(Beginning of DATA IN THIS EXERCISE)

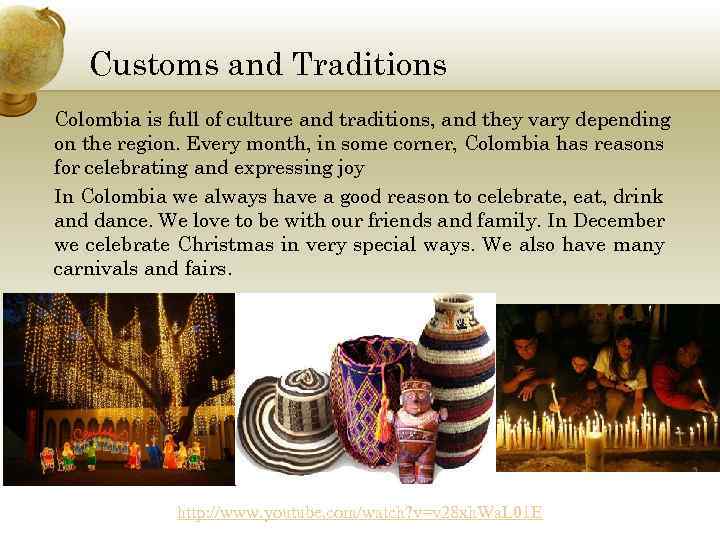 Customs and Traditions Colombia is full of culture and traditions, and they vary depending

(End of DATA IN THIS EXERCISE)
(Beginning of DATA IN THIS EXERCISE)

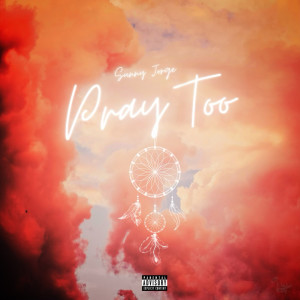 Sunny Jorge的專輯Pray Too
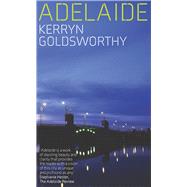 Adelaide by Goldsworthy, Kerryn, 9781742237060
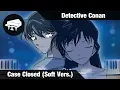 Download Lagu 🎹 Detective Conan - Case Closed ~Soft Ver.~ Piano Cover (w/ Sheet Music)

(End of DATA IN THIS EXERCISE)

◆ EXERCISE AIM
Print from the line containing "Sunny Jorge的專輯Pray Too" through the line containing "Download Lagu 🎹" in the data above, exactly as the lines stand, and omit every picture.

◆ REPLY TO THE EXERCISE
 Sunny Jorge的專輯Pray Too
 Adelaide by Goldsworthy, Kerryn, 9781742237060
 Download Lagu 🎹 Detective Conan - Case Closed ~Soft Ver.~ Piano Cover (w/ Sheet Music)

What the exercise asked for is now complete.